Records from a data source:

○ ○ ○ ○ ○ ○ ○

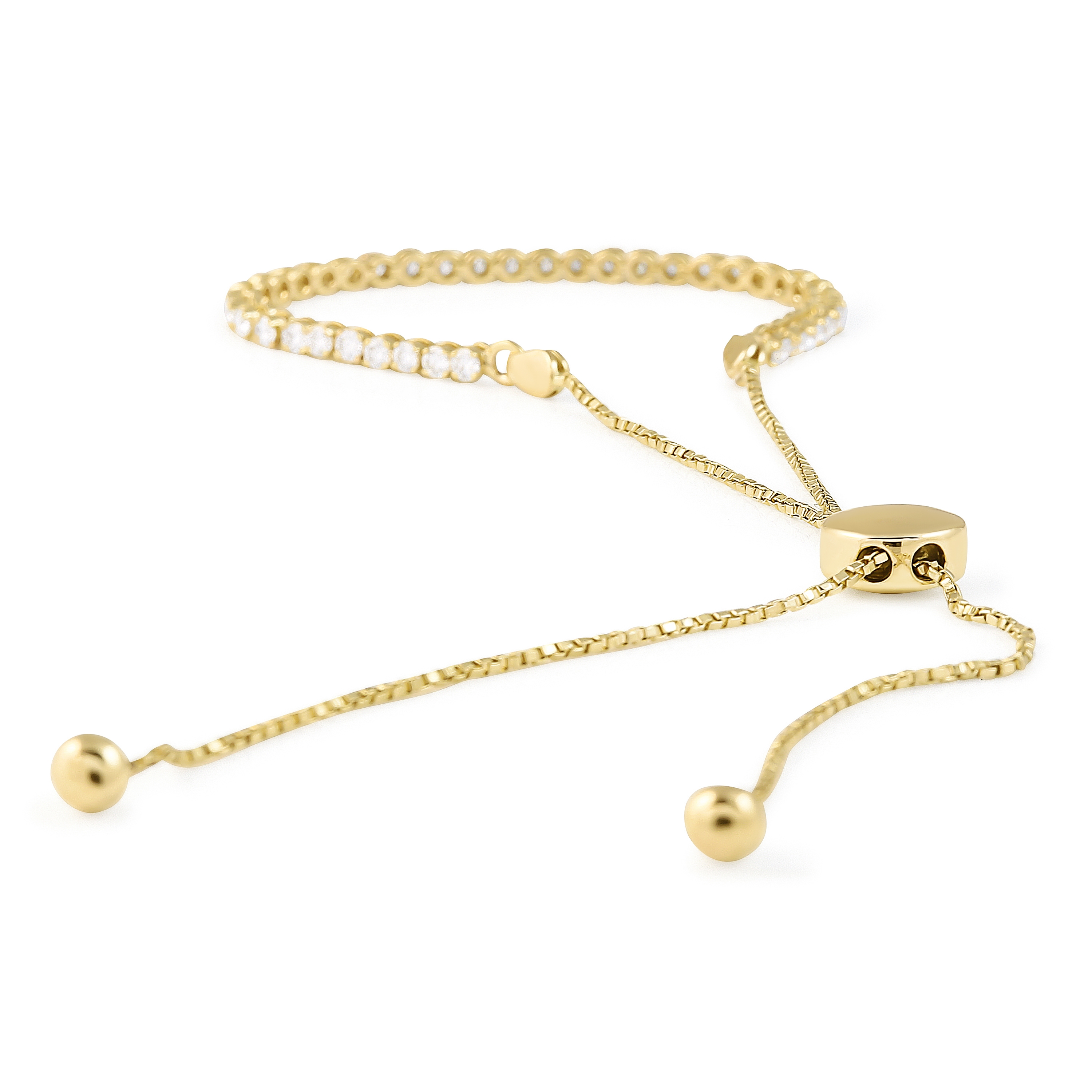 0.85 carat Lab Diamond Zip-Up Tennis Bracelet front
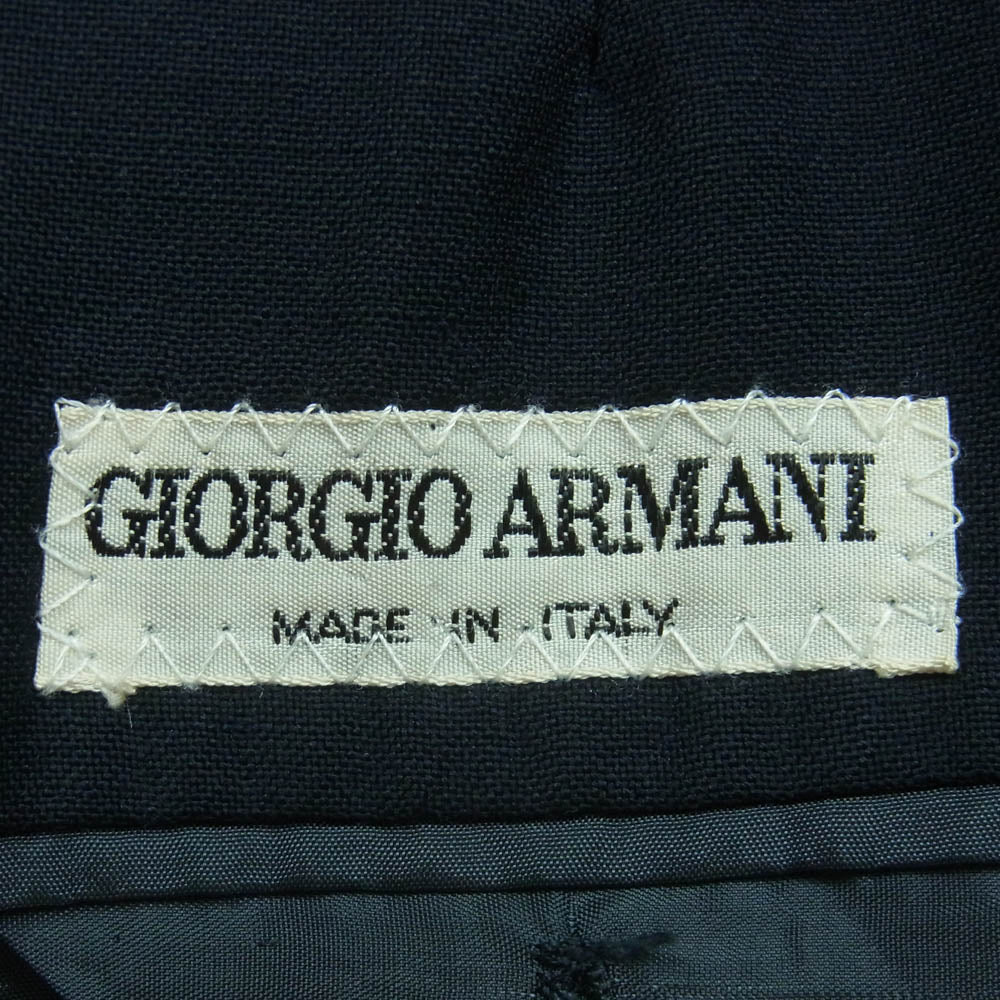 GIORGIO ARMANI ジョルジオアルマーニ オールド 1B テーラード ジャケット ダークネイビー系 黒に近いダークネイビー系 サイズ表記なし【中古】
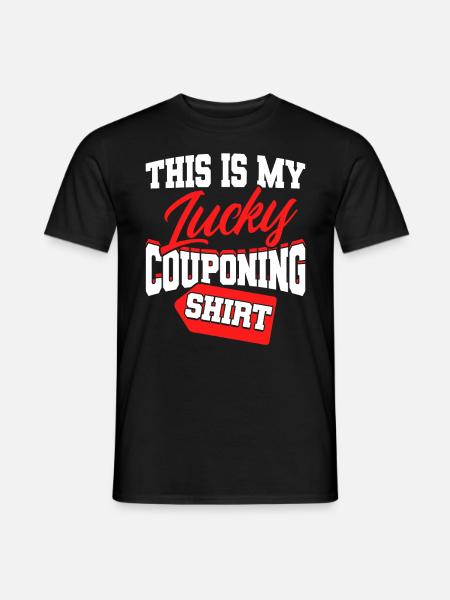 Gutschein Shopper Rabatt Couponer Rabattverkauf - Männer T-Shirt - Schwarz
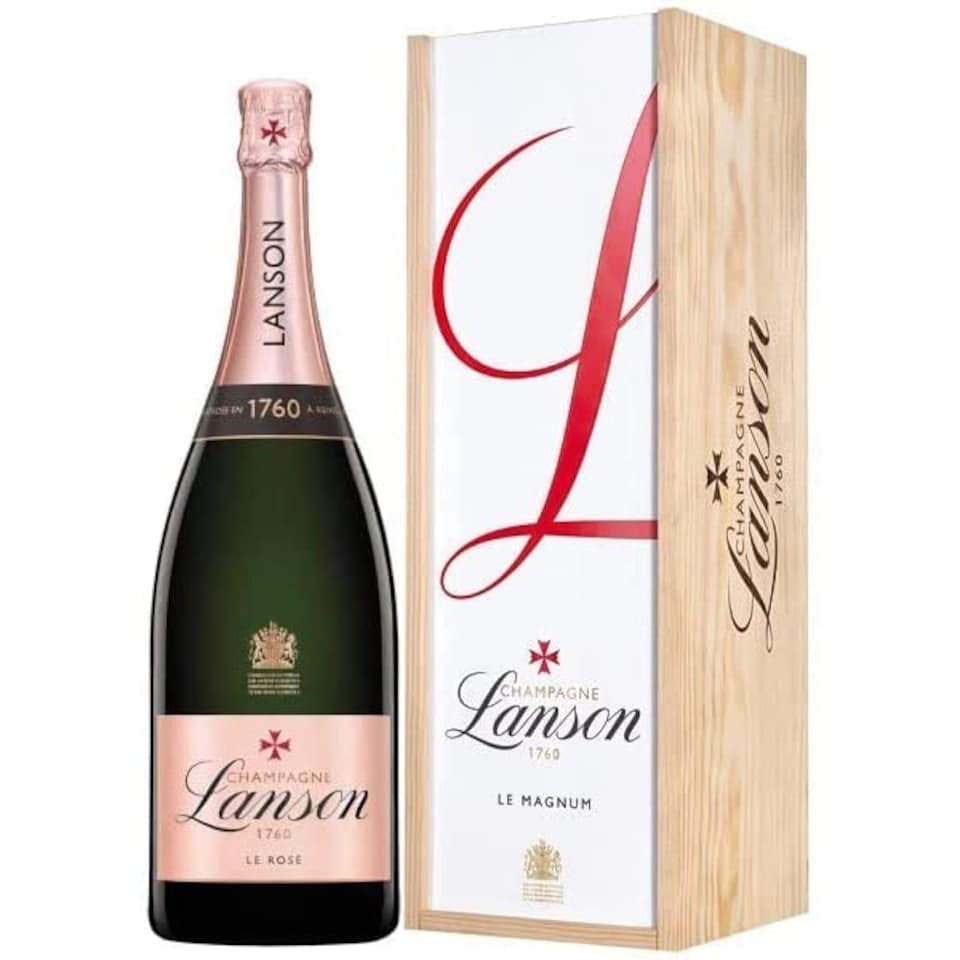 Lanson Le Rose Creation Champagne Magnum (1.5 litre) in Lanson Wood Box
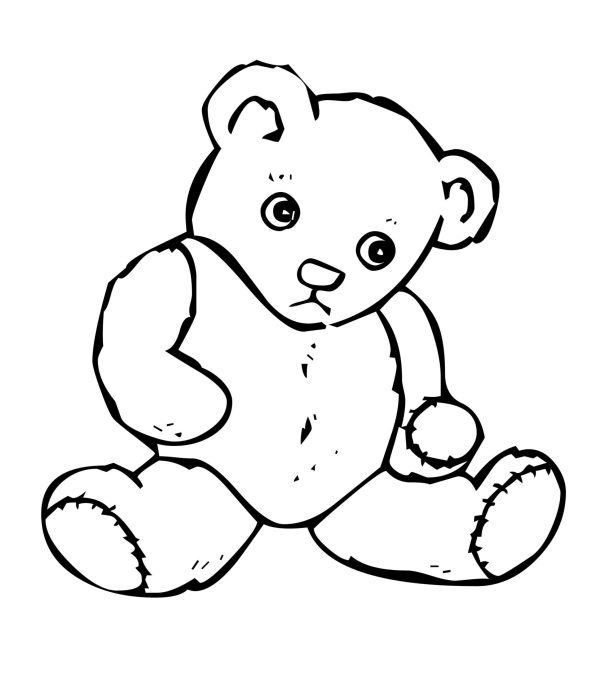 Drawing Sad Teddy Bear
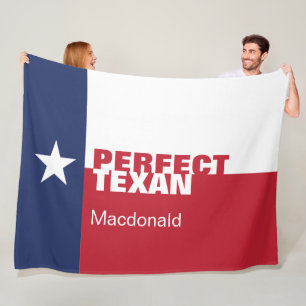 Personalized PERFECT TEXAN Fleece Blanket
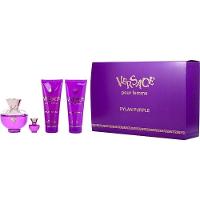 Perfume Feminino Gianni Versace Dylan Purple Edp Spray 100 ml&loção Corporal Gel Banho 5 Mini - 1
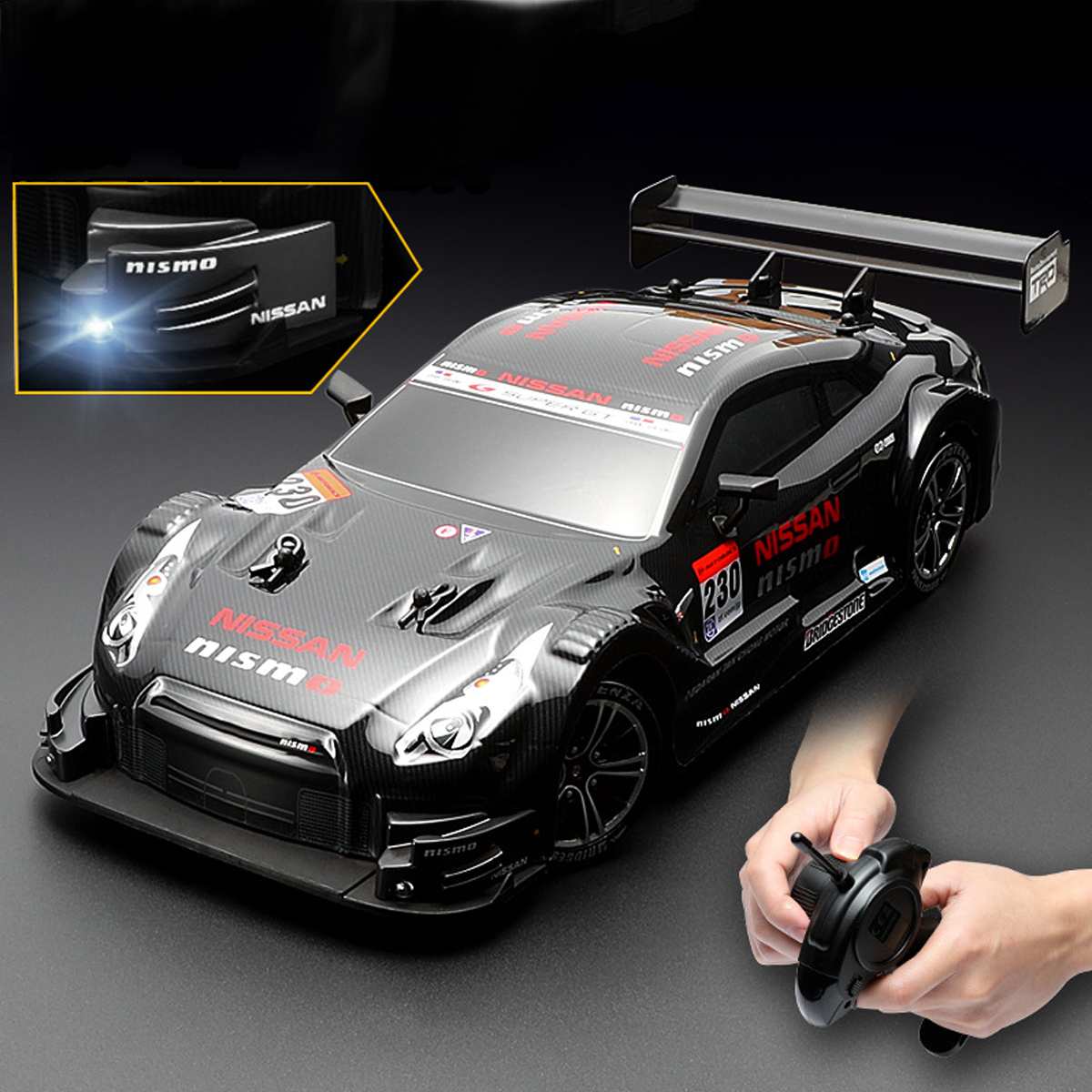 RC Car 6/1:24 GTR Remote Control Racing Car 2.4Ghz High Spee
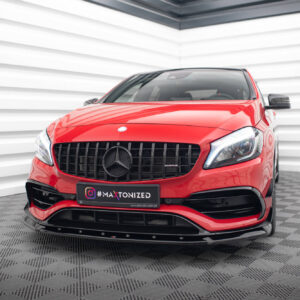 Maxton Design Front Splitter V.1 Mercedes-Benz A45 Aero W176 Facelift ME-A-176F-AMG-AERO-FD1G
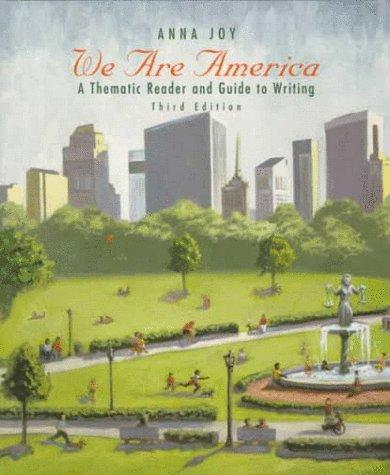 Cover for We Are America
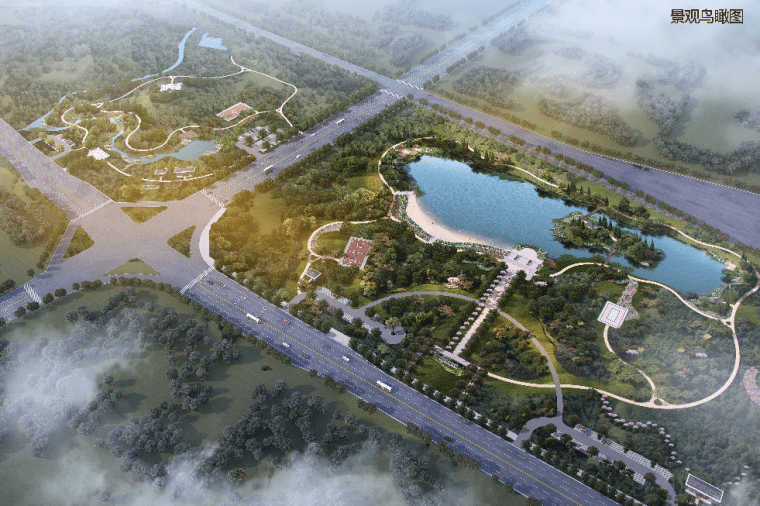 香樟森林公园PSD格式景观方案文本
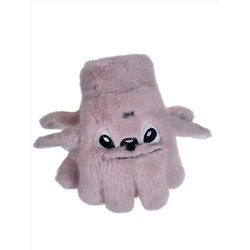 Тёплые подростковые перчатки, цвет нежно розовый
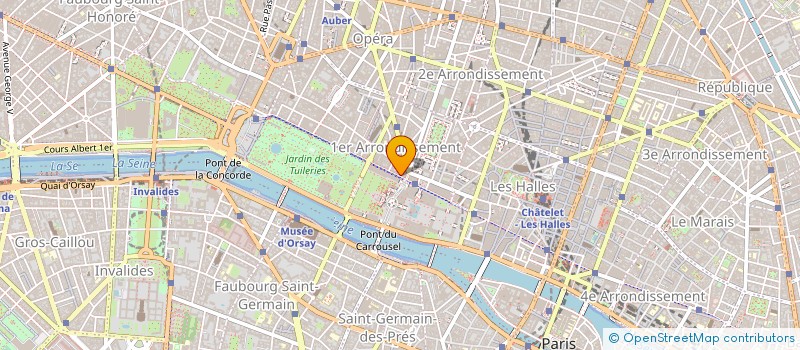 localisation de l'entreprise CESG MARITIME SAS à PARIS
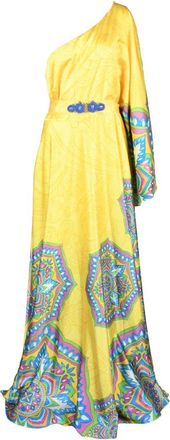 Allure Bridals One-Shoulder Long Dress - Yellow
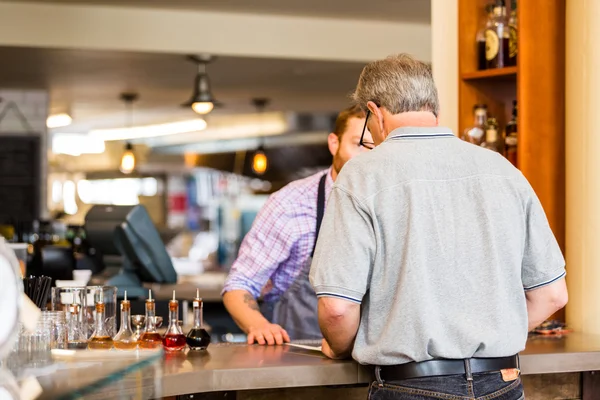 Typische zondag in Mercantile restaurant — Stockfoto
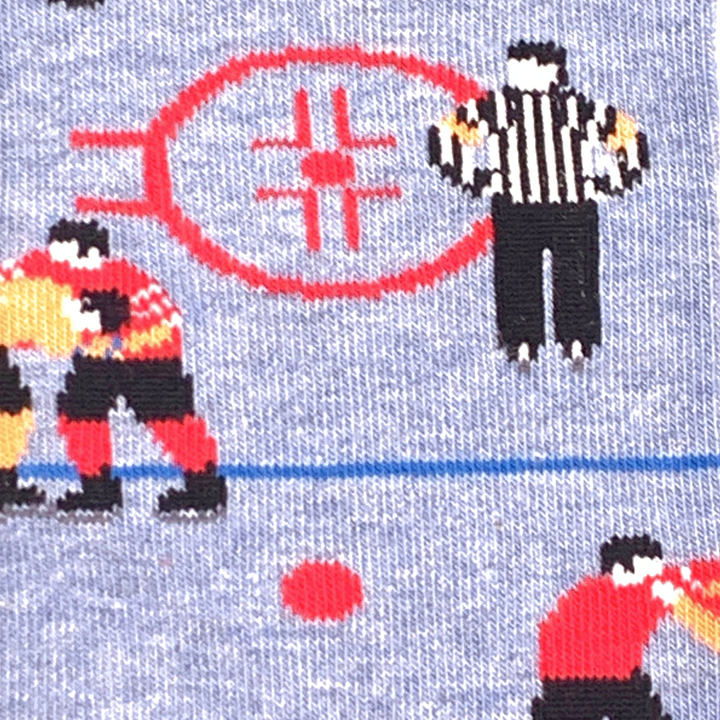 Men's Funny Hockey Scenes Socks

○ ○ ○ ○ ○ ○ ○

Starting at the line that contains "GIORGIO ARMANI ジョルジオアルマーニ", restate every line through the end of the records exactly as written, but leave the pictures out.

ANSWER TO THIS PROBLEM:
 GIORGIO ARMANI ジョルジオアルマーニ オールド 1B テーラード ジャケット ダークネイビー系 黒に近いダークネイビー系 サイズ表記なし【中古】
 Gutschein Shopper Rabatt Couponer Rabattverkauf - Männer T-Shirt - Schwarz
 Lanson Le Rose Creation Champagne Magnum (1.5 litre) in Lanson Wood Box
 Drawing Sad Teddy Bear
 Personalized PERFECT TEXAN Fleece Blanket
 Perfume Feminino Gianni Versace Dylan Purple Edp Spray 100 ml&loção Corporal Gel Banho 5 Mini - 1
 RC Car 6/1:24 GTR Remote Control Racing Car 2.4Ghz High Spee
 Maxton Design Front Splitter V.1 Mercedes-Benz A45 Aero W176 Facelift ME-A-176F-AMG-AERO-FD1G
 Cover for We Are America
 香樟森林公园PSD格式景观方案文本
 Тёплые подростковые перчатки, цвет нежно розовый
 localisation de l'entreprise CESG MARITIME SAS à PARIS
 Allure Bridals One-Shoulder Long Dress - Yellow
 Typische zondag in Mercantile restaurant — Stockfoto
 Men's Funny Hockey Scenes Socks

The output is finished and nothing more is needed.